Speaking of characters, the fact that 3 of the unlockable characters are mimics (characters who randomly use other players' styles) is lazy and inexcusable. Those slots would be better spent porting over characters from the fourth game, like fan favorites Talim or Zasalamel whose styles are absent in this installment, to the chagrin of fans of these characters.

Offline, other than story and arcade mode, there is a Legendary Souls mode, which might prove too tough for some new players, training mode, quick math, VS, and not much else. Notably, there is no tutorial mode. It might be incredibly daunting for a new player to the series to jump in, especially with the sharp difficulty spikes in story mode and the aforementioned lack of a tutorial. New mechanics, in particular the Brave Edge/Critical Edge system and the new guard impact system, are given just a cursory explanation with nowhere to train the skill.

Character creation is back, and it's a mix of bad, good, and ugly. Being able to position decorations anywhere on the body allows for great flexibility, but on the other hand, many options, like hairstyles, are limited; some objects sit on the character awkwardly (shoulder pads or necklaces that float above the body); and many objects look ugly no matter how you try to color them because they won't let you choose anything but a dull gray tone of any given color. Faces are premades, and it seems like by now we should have the ability to choose facial features with sliders, just like it lets you do with body parts.

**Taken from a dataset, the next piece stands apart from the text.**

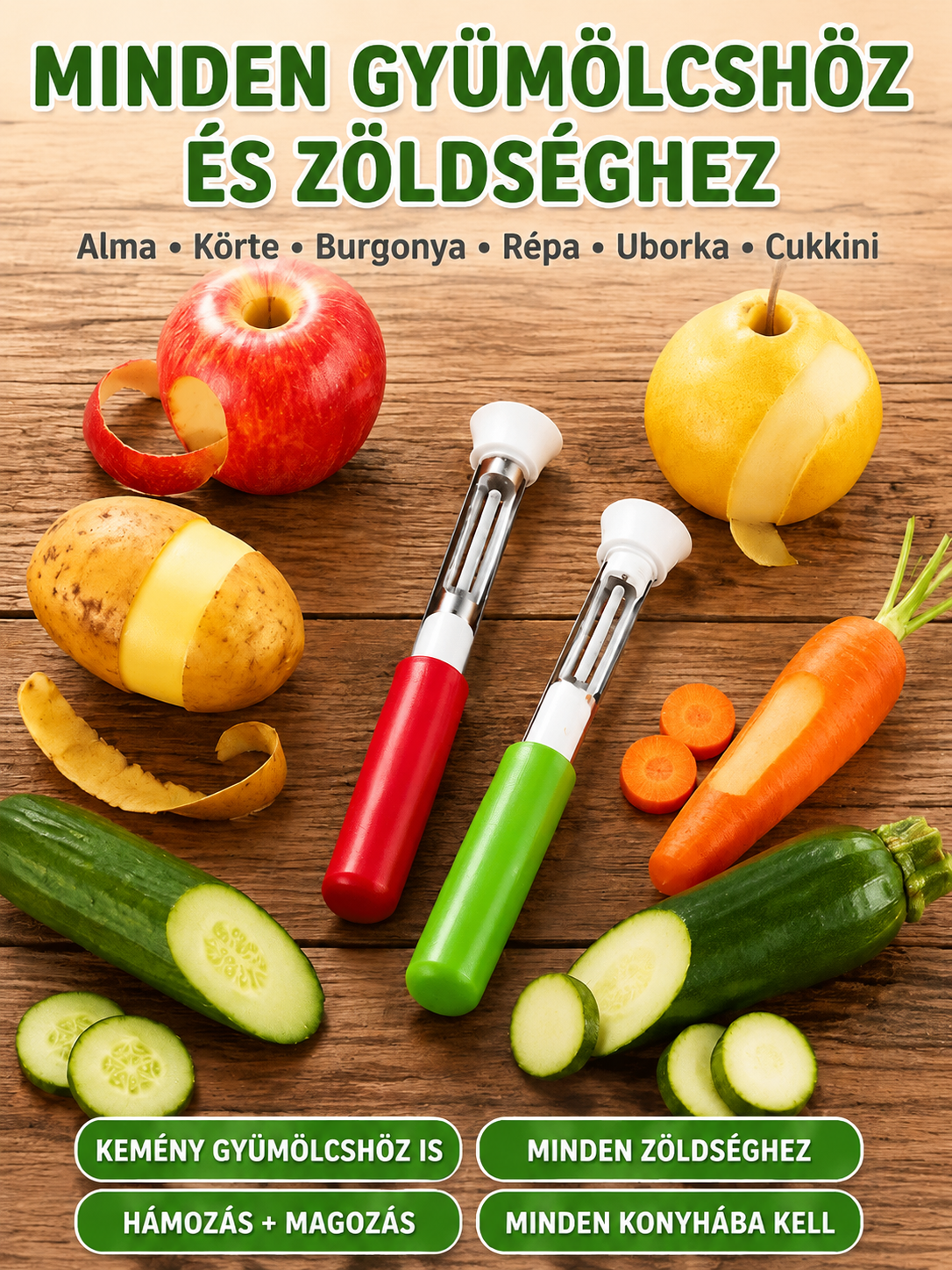 ✨ 2 az 1-ben rozsdamentes acél multifunkciós eszköz – hámozó és magozó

The offline modes are mediocre at best, but online play is where this game shines. The matches I've played so far flow beautifully, no hiccups or lags at all. Being able to choose players at a similar level to you helps prevent being punished by a player who knows the game far better than you. The game lets you keep track of your rivals and challenge them anytime. One feature I could recommend is the possibility of banning certain characters from your search criteria, as fighting the absurdly powerful Nightmare can be a pain, and it can get boring to play Devil Jins all the time. There's not much more for me to say on online play, but don't think I am dismissing it; in fact, I find it to be the game's strongest point. If I were rating online alone, it would score in the 8-9 range.

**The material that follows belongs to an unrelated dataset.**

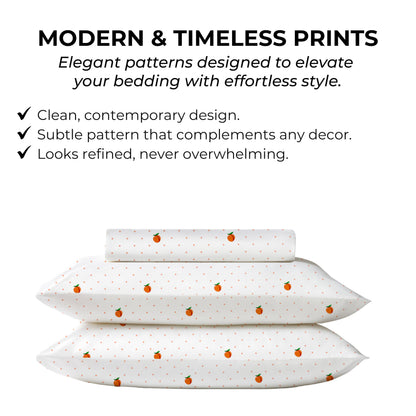 Mayil Manor Queen Size Fitted Sheet with 18" Deep Pockets, No Flat - Percale Weave Natural - Breathable 100% Cotton Printed Bedding, 1 Fitted Sheet + 2 Pillowcases - Peach Dot Print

The game looks and sounds as good as ever, although some characters get a bit annoying. Laura Bailey makes a great Pyrrha, capturing her torment and terror, but unfortunately Yuri Lowenthal as her brother Patroklos sounds too hammy. Leixia's voice is actually more grating than her mother's. I found the stages to be a bit boring; none of them caught my eye as being spectacular, but then again, they didn't detract from the major premise here: the combat.

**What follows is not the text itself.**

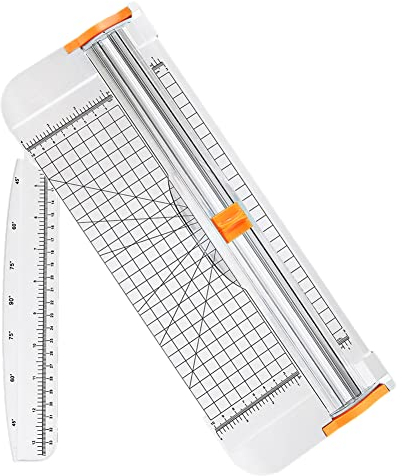 Flintronic Papierschneider A4 Papierschneidegerät Tragbare Papierschneidemaschine mit Schnittlinienführung und Seitenlineal, Schneidemaschine Papier Cutter für Hause und Büro(Weiß, 38cm)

Overall, longtime fighting enthusiasts will be thrilled with this installment. Combat flows well and is fast paced and exciting, and online mode is more than promising. Unfortunately, the game as a whole lacks wide appeal. The majority of us spend $60 on a game expecting there to be a lot to do, but this game lacks a lot in terms of features. SoulCalibur has given us the expectation of a rich list of features, like character bios, stories for all characters, and maybe extra modes like Chronicles of the Sword that fill up dozens of hours in their own right. This game just feels stripped down compared to what we've come to expect, and those of us will watch the credits roll on story mode, then scour the main menu while asking, "That's it?" And sadly, that IS it. In other franchises that are centralized around versus combat to the exclusion of everything else, this would be forgivable, but SoulCalibur has a long legacy of giving the player a variety of other game modes, a rich lore and dynamic characters. For that reason, this "sequel" is largely a disappointment, and a step down for the series.